Book Review: Co-Intelligence: Living and Working with AI

Chris recommends this book to everyone he talks with! Mr. Mollick is a professor of management at Wharton, specializing in entrepreneurship and innovation. He’s been following and researching the emergence of AI for a while now, having been featured in various publications. In addition to a fascination with how AI is impacting businesses, especially start-ups, he’s very interested in how it’s impacting education, especially at the college level.

Historically, when new technology comes out, we can install it, learn how it works, then use it. We learn that when we follow certain steps or key strokes, we know exactly what the outcome will be. AI doesn’t work like this at all! You can give an AI tool the exact same information or request and you will NOT get the same answer, the same result. It’s as if you’re working with an alien mind.

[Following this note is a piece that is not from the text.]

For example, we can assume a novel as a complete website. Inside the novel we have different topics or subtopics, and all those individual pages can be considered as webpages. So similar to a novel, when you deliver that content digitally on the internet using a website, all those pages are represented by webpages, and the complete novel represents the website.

Mr. Mollick has four rules for working with AI. Principle 1: Always invite AI to the table. Principle 2: Be the human in the loop. Principle 3: Treat AI like a person (but tell it what kind of person it is). Principle 4: Assume this is the worst AI you’ll ever use.

We’ve encouraged our teams and clients to include AI in email drafts, procedures, documentation, contract review, and more. Whether you do the initial draft and ask for ideas, or you ask it for the initial draft and then add the human touch. Darren Hardy had an interesting formula – you do the first 30% of the work, let AI do the next 40%, then back to the human for the last 30%. Let AI do the heavy lifting, the boring stuff.

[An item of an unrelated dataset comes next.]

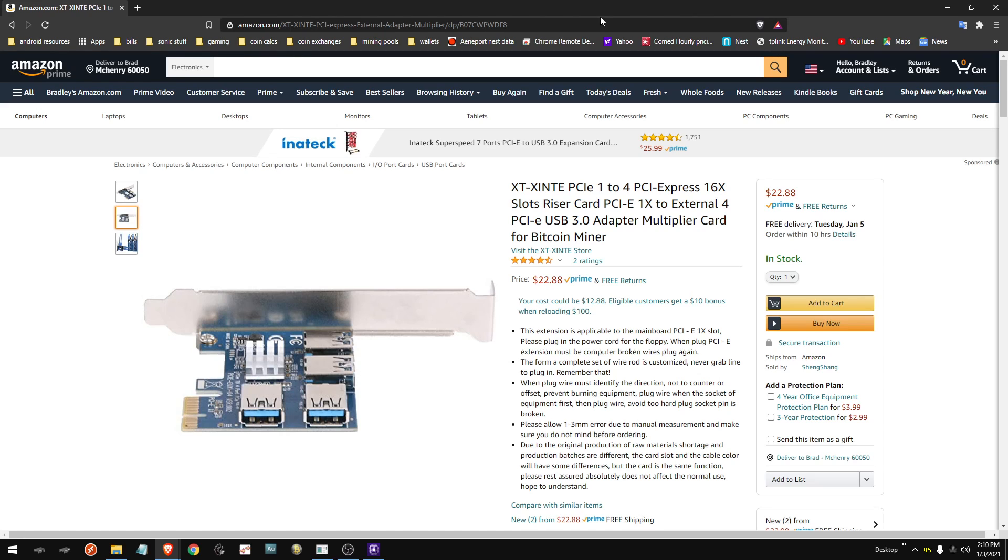So it's not some miracle cure to get you 12 cards on any old motherboard. Up to six usually seems good on most motherboards before it starts to freak out, so you'd have to go to a more traditional mining motherboard to get over six—eight cards, 12 cards, stuff like that.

But in this book, he’s encouraging us to also invite AI to add creative touches. He has some very interesting responses from AI to some specific inquiries he gave it. I’ve seen an article edited to have an Irish style for St. Patrick’s day; a list of alternative titles for articles, clarifying whether they are to be fun or serious; a rough draft of an awards certificate; adding a more formal or more fun vibe; and more.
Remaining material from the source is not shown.